Ma non siamo a Pietrogrado nel 1917, e invocare i soviet in una situazione in cui la classe operaia si trova di fronte alla necessità di difendere i suoi interessi più elementari, di fronte al pericolo di dissolversi nelle proteste di massa, e alla necessità di difendere ogni forma embrionale di auto-organizzazione dal recupero da parte della sinistra e dei sindacalisti di base, significa nel migliore dei casi valutare male l'attuale livello della lotta di classe e nel peggiore attirare i lavoratori nelle mobilitazioni della sinistra del capitale. La Sinistra comunista non svilupperà la sua capacità di intervento reale di classe cadendo nell'illusione di guadagni immediati a scapito dei principi fondamentali e di una chiara analisi del rapporto di forza tra le classi.

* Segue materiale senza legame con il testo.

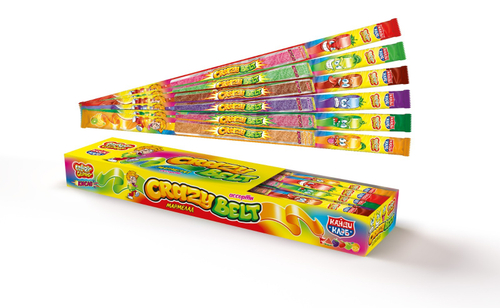 Мармелад в кислой обсыпке "CRAZY GUMMY CRAZY BELT" (кислый ремешок) ассорти 15гр*72шт*6 блоков.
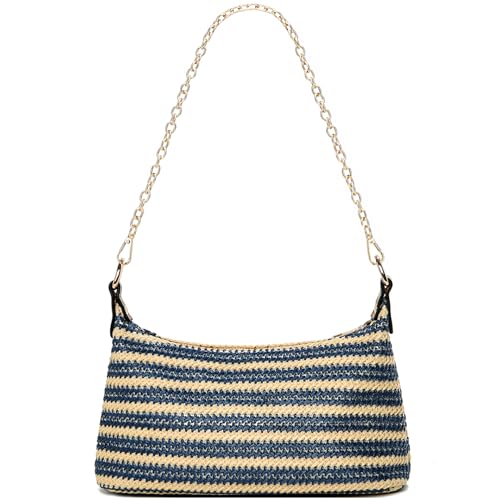 Image of CROJUYI Straw Shoulder Bag for Women Soft Small Woven Shoulder Purse Handbag,Beach Tote Straw Bag for Summer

Un recente articolo di Internationalist Voice sottolinea che attualmente in Iran si stanno svolgendo diversi scioperi dei lavoratori in concomitanza con le proteste di piazza:

“Negli ultimi giorni abbiamo assistito a manifestazioni e scioperi dei lavoratori, e la caratteristica comune di tutti è stata la protesta contro i bassi salari e la difesa del loro tenore di vita. Lo slogan degli operai dell’azienda siderurgica Esfahan Steel Company in sciopero, ‘basta con le promesse, la nostra tavola è vuota’, riflette le difficili condizioni di vita dell'intera classe operaia. Alcuni esempi di scioperi dei giorni scorsi che hanno avuto o hanno la stessa richiesta sono i seguenti: sciopero degli operai della Esfahan Steel Company; sciopero della fame dei dipendenti effettivi delle aziende di raffinazione e distribuzione di petrolio, gas e prodotti petrolchimici; sciopero degli operai del complesso Esfahan City Centre; sciopero degli operai della fabbrica di cemento Abadeh nella provincia di Esfahan; sciopero degli operai dell'acqua minerale Damash nella provincia di Gilan; sciopero degli operai della Pars Mino Company; sciopero degli operai dell'azienda industriale Cruise; protesta degli operai del gruppo siderurgico National[8].

Sembra che questi movimenti siano ancora relativamente dispersi e mentre i democratici e gli esponenti della sinistra aumentano gli appelli allo “sciopero generale”, ciò che intendono non ha nulla a che fare con una reale dinamica verso lo sciopero di massa, ma sarebbe una mobilitazione controllata dall'alto dell'opposizione borghese e mescolata con gli scioperi dei commercianti e di altri strati non proletari. Questo non fa che sottolineare la necessità per i lavoratori di rimanere sul proprio terreno e di sviluppare la propria unità di classe come base minima per bloccare la repressione omicida del regime islamico.